Does that make cryptocurrency obsolete?
No, while some of this might feel like crypto will lose some ground I personally think it could be a GOOD thing for cryptocurrencies and the idea of money being something other than ‘my wallet of bank notes or my bank account’.
When people become exposed to it from a trusted source, like their national bank I think we’ll see more confidence in it as a technology and form of money.
I think we also need to look at the movements of bigger organisations like AMAZON who have vested interests in the technology for its transparency and ability to track the movement of stock and value exchange without needing to go through a central bank.
This write-up is worth a read — but i think they offer a very clear use-case
“ Traditional database technologies present several challenges for recording financial transactions. For instance, consider the sale of a property. Once the money is exchanged, ownership of the property is transferred to the buyer. Individually, both the buyer and the seller can record the monetary transactions, but neither source can be trusted. The seller can easily claim they have not received the money even though they have, and the buyer can equally argue that they have paid the money even if they haven’t.”
In development, we know integrations are just points of failure waiting to happen, and 3rd parties are the worst usually. So it makes perfect sense if they could track their existing goods/exchange internally via a blockchain. I’m sure as well it will result in far fewer disputes and fees for using bank services.

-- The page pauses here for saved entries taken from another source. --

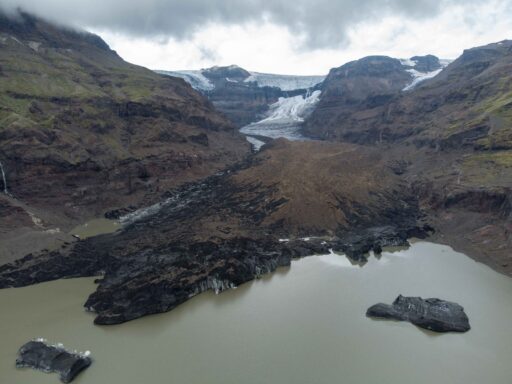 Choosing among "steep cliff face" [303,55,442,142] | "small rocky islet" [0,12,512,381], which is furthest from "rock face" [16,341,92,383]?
"steep cliff face" [303,55,442,142]

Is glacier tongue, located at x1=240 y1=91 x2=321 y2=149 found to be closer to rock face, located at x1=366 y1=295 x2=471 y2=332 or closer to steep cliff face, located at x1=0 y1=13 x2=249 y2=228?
steep cliff face, located at x1=0 y1=13 x2=249 y2=228

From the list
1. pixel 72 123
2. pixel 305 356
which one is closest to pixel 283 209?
pixel 305 356

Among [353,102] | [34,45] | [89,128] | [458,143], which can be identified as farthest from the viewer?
[353,102]

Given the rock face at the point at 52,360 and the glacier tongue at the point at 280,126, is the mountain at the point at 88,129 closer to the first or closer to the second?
the rock face at the point at 52,360

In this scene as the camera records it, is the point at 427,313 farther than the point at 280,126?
No

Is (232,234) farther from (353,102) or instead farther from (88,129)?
(353,102)

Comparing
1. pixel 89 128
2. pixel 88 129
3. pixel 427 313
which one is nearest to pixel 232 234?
pixel 427 313

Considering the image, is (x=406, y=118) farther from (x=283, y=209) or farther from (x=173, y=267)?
(x=173, y=267) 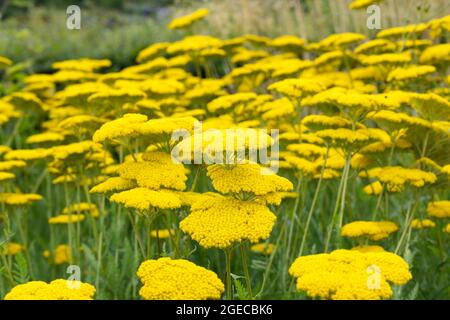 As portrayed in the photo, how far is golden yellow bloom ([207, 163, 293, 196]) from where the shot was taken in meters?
2.26

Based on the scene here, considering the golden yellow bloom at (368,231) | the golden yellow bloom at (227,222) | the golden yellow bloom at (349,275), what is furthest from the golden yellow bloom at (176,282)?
the golden yellow bloom at (368,231)

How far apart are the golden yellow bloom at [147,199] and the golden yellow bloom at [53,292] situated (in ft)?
1.35

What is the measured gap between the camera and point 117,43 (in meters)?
8.96

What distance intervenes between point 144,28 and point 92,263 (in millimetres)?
6771

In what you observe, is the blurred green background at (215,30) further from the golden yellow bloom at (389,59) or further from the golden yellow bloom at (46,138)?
the golden yellow bloom at (46,138)

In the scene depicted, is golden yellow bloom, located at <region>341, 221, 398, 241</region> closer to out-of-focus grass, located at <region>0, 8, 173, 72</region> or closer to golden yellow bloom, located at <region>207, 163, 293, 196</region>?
golden yellow bloom, located at <region>207, 163, 293, 196</region>

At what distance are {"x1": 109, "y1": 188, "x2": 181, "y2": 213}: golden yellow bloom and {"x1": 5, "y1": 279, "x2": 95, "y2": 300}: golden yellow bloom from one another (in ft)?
1.35

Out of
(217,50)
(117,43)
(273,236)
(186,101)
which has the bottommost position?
(273,236)

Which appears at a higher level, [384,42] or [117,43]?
[117,43]

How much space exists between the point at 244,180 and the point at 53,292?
70cm

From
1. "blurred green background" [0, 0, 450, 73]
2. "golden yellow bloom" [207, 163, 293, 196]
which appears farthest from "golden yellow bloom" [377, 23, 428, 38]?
"golden yellow bloom" [207, 163, 293, 196] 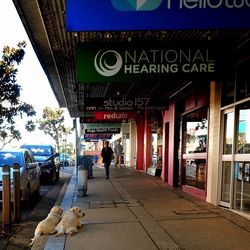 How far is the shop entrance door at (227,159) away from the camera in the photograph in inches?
367

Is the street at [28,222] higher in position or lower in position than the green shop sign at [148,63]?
lower

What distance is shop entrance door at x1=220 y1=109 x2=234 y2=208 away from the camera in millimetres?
9328

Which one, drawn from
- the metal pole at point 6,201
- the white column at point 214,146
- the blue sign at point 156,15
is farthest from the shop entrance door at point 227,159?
the blue sign at point 156,15

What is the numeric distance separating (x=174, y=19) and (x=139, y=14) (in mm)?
386

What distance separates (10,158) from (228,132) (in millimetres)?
6380

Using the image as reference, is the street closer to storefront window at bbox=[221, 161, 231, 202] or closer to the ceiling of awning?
the ceiling of awning

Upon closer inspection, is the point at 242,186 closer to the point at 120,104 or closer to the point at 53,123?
the point at 120,104


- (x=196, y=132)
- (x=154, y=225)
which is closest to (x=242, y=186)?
(x=154, y=225)

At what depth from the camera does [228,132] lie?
9.62 meters

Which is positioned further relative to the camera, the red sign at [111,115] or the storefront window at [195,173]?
the red sign at [111,115]

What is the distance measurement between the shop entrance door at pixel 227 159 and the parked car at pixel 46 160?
9.82 m

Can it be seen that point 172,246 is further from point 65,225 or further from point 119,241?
point 65,225

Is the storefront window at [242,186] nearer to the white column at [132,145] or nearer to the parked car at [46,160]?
the parked car at [46,160]

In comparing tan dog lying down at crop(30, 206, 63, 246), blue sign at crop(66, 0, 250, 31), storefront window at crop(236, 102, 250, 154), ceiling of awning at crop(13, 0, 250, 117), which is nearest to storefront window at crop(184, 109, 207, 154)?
ceiling of awning at crop(13, 0, 250, 117) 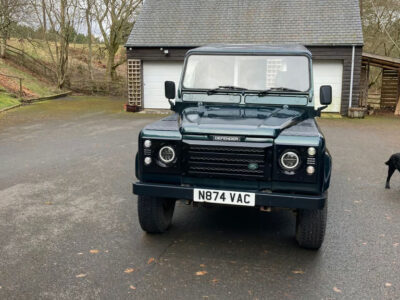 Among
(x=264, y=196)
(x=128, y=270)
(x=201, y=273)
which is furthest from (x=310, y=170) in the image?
(x=128, y=270)

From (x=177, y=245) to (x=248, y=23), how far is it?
16288mm

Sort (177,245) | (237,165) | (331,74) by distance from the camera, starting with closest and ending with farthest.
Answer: (237,165) → (177,245) → (331,74)

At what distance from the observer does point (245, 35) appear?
18.4 m

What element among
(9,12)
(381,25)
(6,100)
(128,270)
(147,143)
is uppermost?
(381,25)

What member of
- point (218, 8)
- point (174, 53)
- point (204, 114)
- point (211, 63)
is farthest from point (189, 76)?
point (218, 8)

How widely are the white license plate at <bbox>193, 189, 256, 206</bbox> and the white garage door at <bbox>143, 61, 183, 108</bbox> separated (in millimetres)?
15487

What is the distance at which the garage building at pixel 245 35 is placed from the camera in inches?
682

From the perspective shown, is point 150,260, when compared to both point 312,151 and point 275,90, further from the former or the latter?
point 275,90

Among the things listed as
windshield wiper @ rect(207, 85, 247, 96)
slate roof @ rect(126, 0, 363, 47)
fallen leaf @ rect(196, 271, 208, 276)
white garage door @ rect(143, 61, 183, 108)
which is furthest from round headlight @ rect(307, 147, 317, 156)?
white garage door @ rect(143, 61, 183, 108)

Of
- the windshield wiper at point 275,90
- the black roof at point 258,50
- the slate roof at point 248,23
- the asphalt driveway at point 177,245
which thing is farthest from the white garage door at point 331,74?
the windshield wiper at point 275,90

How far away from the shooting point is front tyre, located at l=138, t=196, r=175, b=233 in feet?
14.4

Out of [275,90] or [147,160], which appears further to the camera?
[275,90]

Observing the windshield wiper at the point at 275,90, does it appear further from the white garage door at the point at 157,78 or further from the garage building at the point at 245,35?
the white garage door at the point at 157,78

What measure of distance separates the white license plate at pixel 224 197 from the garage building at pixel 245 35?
14595 mm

The key tenants of crypto-currency or more specifically blockchain and distributed ledgers which have a value that will continue to thrive.
Decentralization-Decentralization in blockchain refers to transferring control and decision-making from a centralized entity (individual, organization, or group) to a distributed network. Decentralized blockchain networks use transparency to reduce the need for trust among participants. These networks also deter participants from exerting authority or control over one another in ways that degrade the functionality of the network.
Immutability-Immutability means something cannot be changed or altered. No participant can tamper with a transaction once someone has recorded it in the shared ledger. If a transaction record includes an error, you must add a new transaction to reverse the mistake, and both transactions are visible to the network.
Consensus — A blockchain system establishes rules about participant consent for recording transactions. You can record new transactions only when the majority of participants in the network give their consent.
I didn’t really have a point to make, it was just me writing things to try and cement my understanding of this landscape.
Future of cryptocurrencies — Early adoption of cryptocurrencies and the practical applications of the technology behind it is seeping into endless sectors. The decentralised, immutable records of transfer have many applications and it seems to me (and remember, I’m really really early in my journey) the technology will thrive but crypto-currencies might not be as they are today. I feel like the winners will be those with practical real-life value… rather than just a stock asset.
Is money going to go away? — I think physical fiats will die, maybe in my lifetime. Slowly replaced with digital currencies. That being said, I have a feeling that we’ll see people diversify the ‘money’ they hold. The winners might be the Amazons and the like, who can offer tangible benefits for owning and using their ‘digital money’. Which in turn helps them cut out a central authority and decentralise stock and commerce.